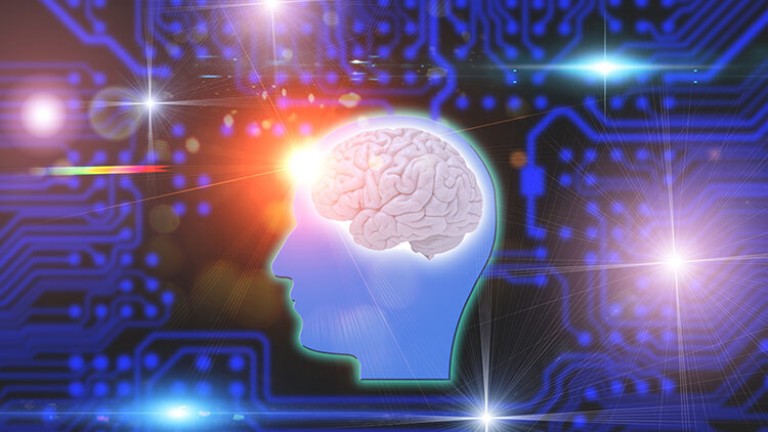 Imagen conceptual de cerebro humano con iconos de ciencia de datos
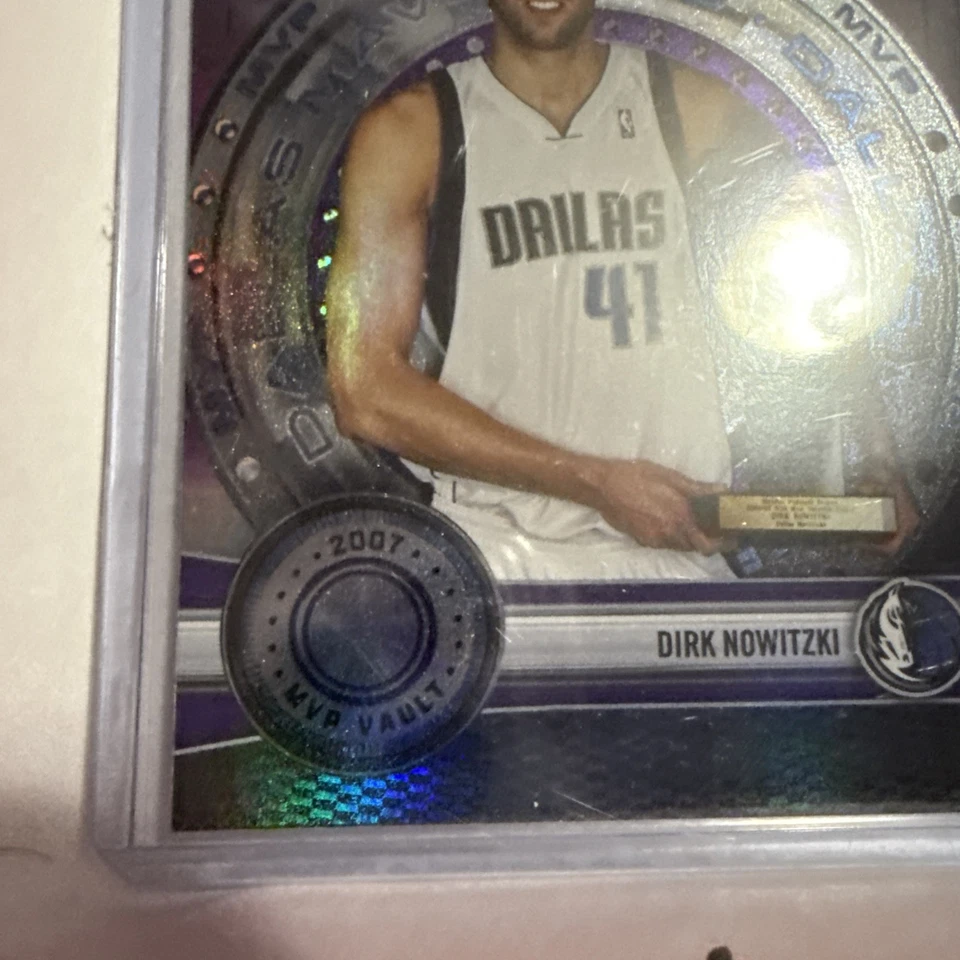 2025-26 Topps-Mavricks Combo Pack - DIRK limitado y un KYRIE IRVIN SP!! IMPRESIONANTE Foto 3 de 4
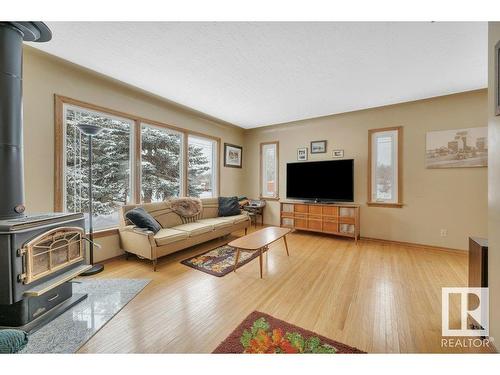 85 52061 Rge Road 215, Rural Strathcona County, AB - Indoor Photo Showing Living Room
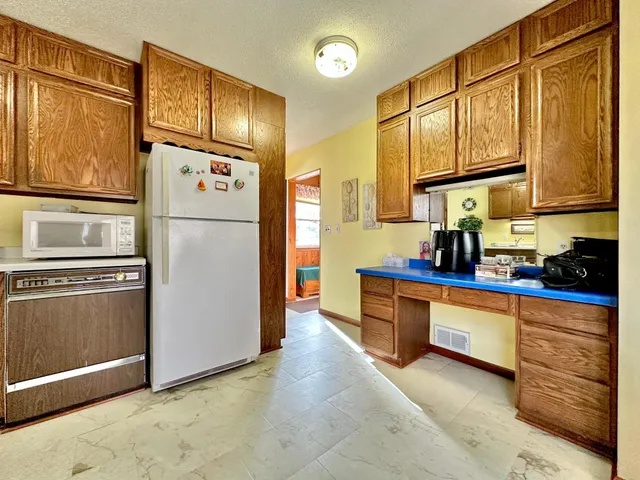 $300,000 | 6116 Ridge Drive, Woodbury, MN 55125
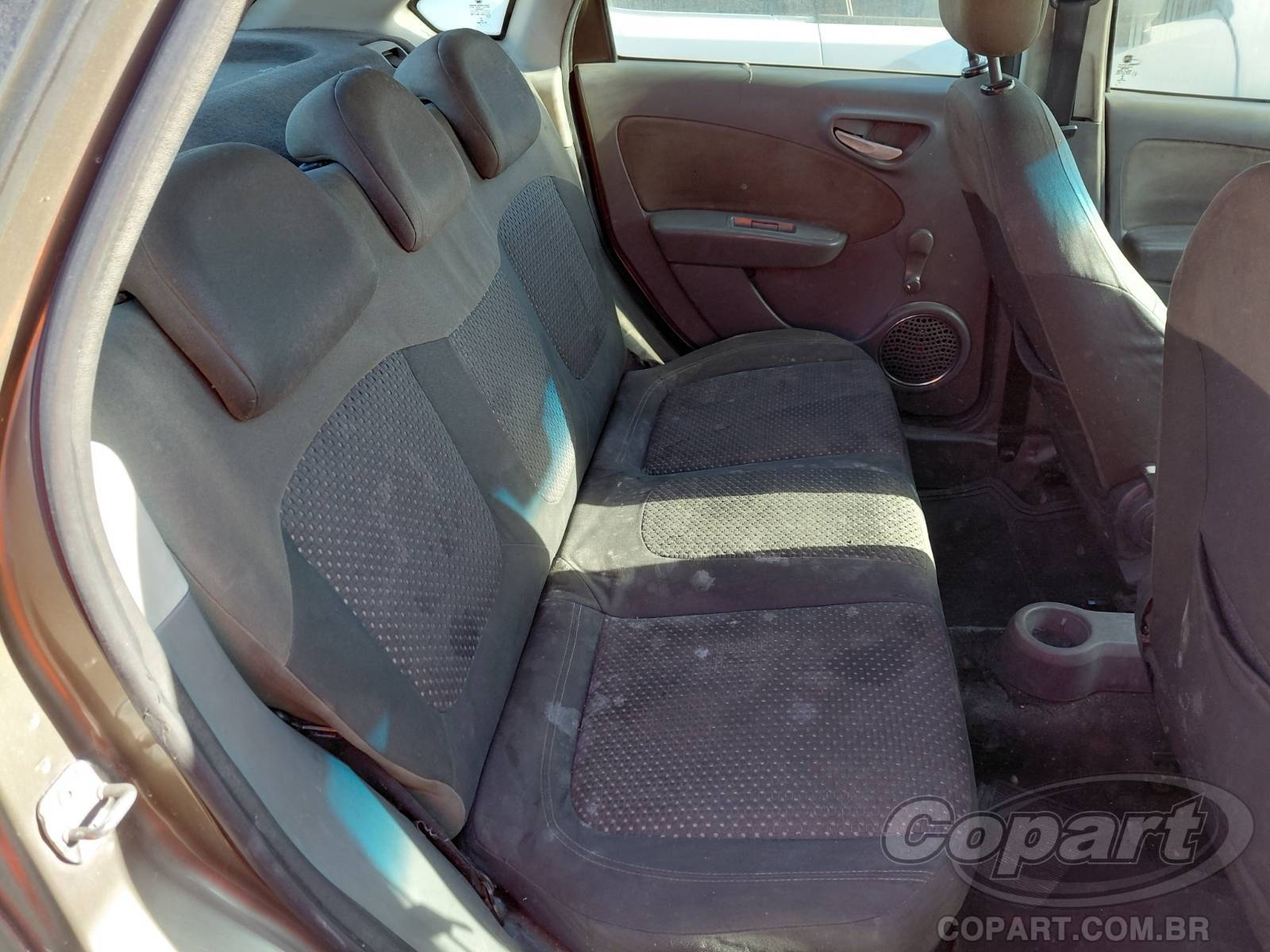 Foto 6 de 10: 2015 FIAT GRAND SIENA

***

- **Problem to solve**: Could you transcribe exactly the lines running from the one with "Woodbury, MN 55125" to the final line of the material above, both included, with no pictures?

- **Solution to this task**:
 $300,000 | 6116 Ridge Drive, Woodbury, MN 55125
 Foto 6 de 10: 2015 FIAT GRAND SIENA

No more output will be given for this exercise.